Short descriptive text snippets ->

=== Section Start ===

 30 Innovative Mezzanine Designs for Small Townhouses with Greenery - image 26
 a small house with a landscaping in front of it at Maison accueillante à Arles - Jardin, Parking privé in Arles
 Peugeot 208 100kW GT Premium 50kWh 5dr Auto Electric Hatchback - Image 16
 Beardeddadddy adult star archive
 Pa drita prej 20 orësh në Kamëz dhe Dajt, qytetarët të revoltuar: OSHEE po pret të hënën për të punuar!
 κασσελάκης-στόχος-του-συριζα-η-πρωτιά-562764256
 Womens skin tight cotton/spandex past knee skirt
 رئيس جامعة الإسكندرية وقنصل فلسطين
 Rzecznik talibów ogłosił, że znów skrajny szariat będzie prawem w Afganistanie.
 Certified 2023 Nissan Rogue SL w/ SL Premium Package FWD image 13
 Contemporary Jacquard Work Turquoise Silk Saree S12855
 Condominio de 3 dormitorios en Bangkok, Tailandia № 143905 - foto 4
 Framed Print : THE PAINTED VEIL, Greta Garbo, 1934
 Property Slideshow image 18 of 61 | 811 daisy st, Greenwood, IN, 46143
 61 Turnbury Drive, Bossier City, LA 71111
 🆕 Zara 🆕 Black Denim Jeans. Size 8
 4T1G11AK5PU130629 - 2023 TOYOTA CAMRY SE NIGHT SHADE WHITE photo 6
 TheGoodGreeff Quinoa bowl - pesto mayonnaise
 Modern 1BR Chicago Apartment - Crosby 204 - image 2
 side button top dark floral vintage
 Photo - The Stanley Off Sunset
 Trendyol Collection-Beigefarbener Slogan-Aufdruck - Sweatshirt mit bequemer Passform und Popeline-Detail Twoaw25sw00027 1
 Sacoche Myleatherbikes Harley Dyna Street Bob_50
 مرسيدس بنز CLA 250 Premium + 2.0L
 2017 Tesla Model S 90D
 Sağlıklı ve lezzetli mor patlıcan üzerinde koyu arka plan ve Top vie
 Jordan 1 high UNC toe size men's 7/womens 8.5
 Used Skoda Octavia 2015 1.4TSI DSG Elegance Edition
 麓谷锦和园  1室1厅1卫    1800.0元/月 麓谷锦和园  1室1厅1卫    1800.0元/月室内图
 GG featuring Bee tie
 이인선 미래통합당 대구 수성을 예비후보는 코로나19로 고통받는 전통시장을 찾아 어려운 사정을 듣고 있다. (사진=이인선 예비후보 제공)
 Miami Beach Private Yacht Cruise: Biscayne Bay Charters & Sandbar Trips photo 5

=== Section End ===

Give only a number, namely how many lines in the entries above hold the word "with".

Final answer -> 2